RPI legend has it that the proper spelling of nerd is "knurd", which is "drunk" spelled backwards, dating from the time when you were one or the other. But some knurds drank, and besides, something new had been added to the mix. The RPI class of 1972, which arrived in 1968, already had a goodly pothead component, the younger brothers of those who had already gone to college, or those simply from places where marijuana culture had hit the high schools. It was only a year or two after that that drugs hit Donelson High, or so says my sister. There may have been somewhere in the country further behind the curve than Donelson, but it's hard to imagine such a place.

I liked hanging with the heads, but I did not indulge my freshman year. I wanted to see how it went for my fellows. Hey, isn't there a scene in Beowulf where he holds back for a while, taking Grendel's measure? Yeah, that was me and drugs. Beowulf and Grendel.

October 2 - Tlatelolco massacre: A student demonstration ends in a bloodbath at La Plaza de las Tres Culturas in Tlatelolco, Mexico City, Mexico, 10 days before the inauguration of the 1968 Summer Olympics.

October 2 - Marcel Duchamp, French artist (b. 1887) and great-grandaddy of Dada and Surrealism, dies.


October 11 - Apollo program: NASA launches Apollo 7, the first manned Apollo mission (Wally Schirra, Donn Eisele, Walter Cunningham).
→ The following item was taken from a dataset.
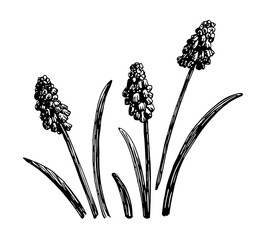 Vector illustrations of Muscari drawn with a black line on a white background.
Mission goals include the first live television broadcast from orbit and testing the lunar module docking maneuver.


October 11 - In Panama, a military coup d'etat, led by Col. Boris Martinez and Col. Omar Torrijos, overthrows the democratically-elected (but highly controversial) government of President Arnulfo Arias. Within a year, Torrijos will have ousted Martinez and taken charge as de facto Head of Government in Panama.
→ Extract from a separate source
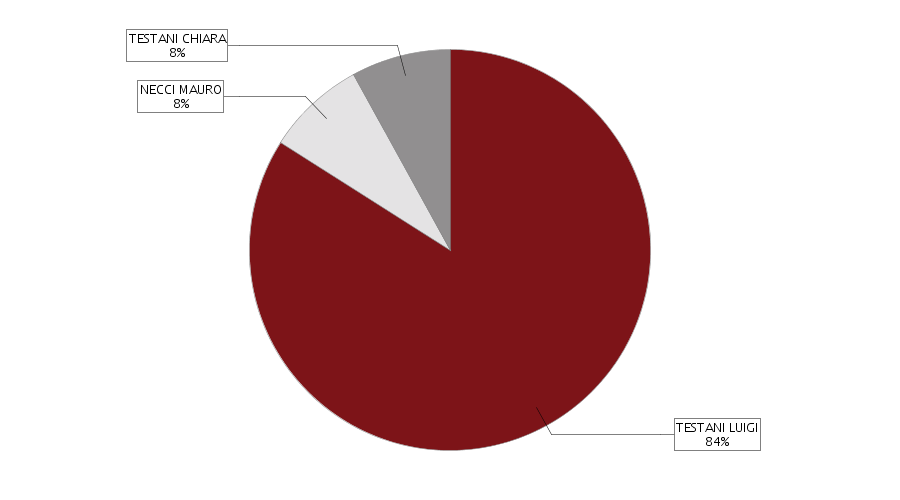 Il grafico a torta e la tabella sottostante rappresentano una sintesi della composizione societaria dell'impresa (le quote di proprietà sono sommate per titolare e poi arrotondate).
During my first semester at RPI (and, quite frankly, during most of the rest of my time there), I merrily traveled up and down the Eastern Seaboard in search of adventure, which basically translated into listening to music and/or trying to get laid. I was much more successful in the former endeavor, as I recognized a musical opportunity when I encountered it. By contrast, I was so socially clueless (one ubernurd, far from the mothership) that I basically had to be hit over the head and dragged off to bed by any woman who found me attractive. If I hadn't been good looking, and it hadn't been the 60's, I'd still be a virgin.
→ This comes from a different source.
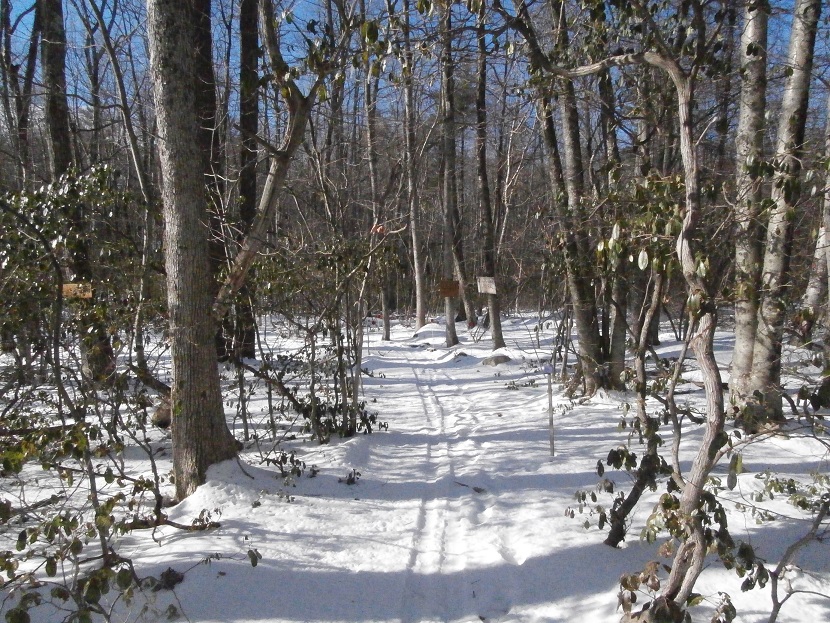 DeerHollowPass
I made a couple of trips to Vassar, in the company of my friend, Bullshit Harvey (not his real name), who had a sister going there. The girl who took me home from the dance later decided that I'd been lying about my politics. I can say now that I really didn't know enough about my politics to lie about them, but I believed that I was lying at the time, so she had me there.

The Games of the XIX Olympiad began on October 12, in Mexico City, Mexico. The image that you've all seen from this is the one of Tommie Smith and John Carlos, 2 African-Americans competing in the Olympic 200-meter run, who raised their arms in a black power salute after winning the gold and bronze medals for 1st and 3rd place. By contrast, after winning the gold medal for heavyweight boxing, George Foreman walked around the ring with a tiny American flag, bowing several times to the audience.

But the part I remember is this: Bob Beamon of the USA shattered the world record for the long jump by more than two feet, in a leap of 29 feet 2 & 1/2.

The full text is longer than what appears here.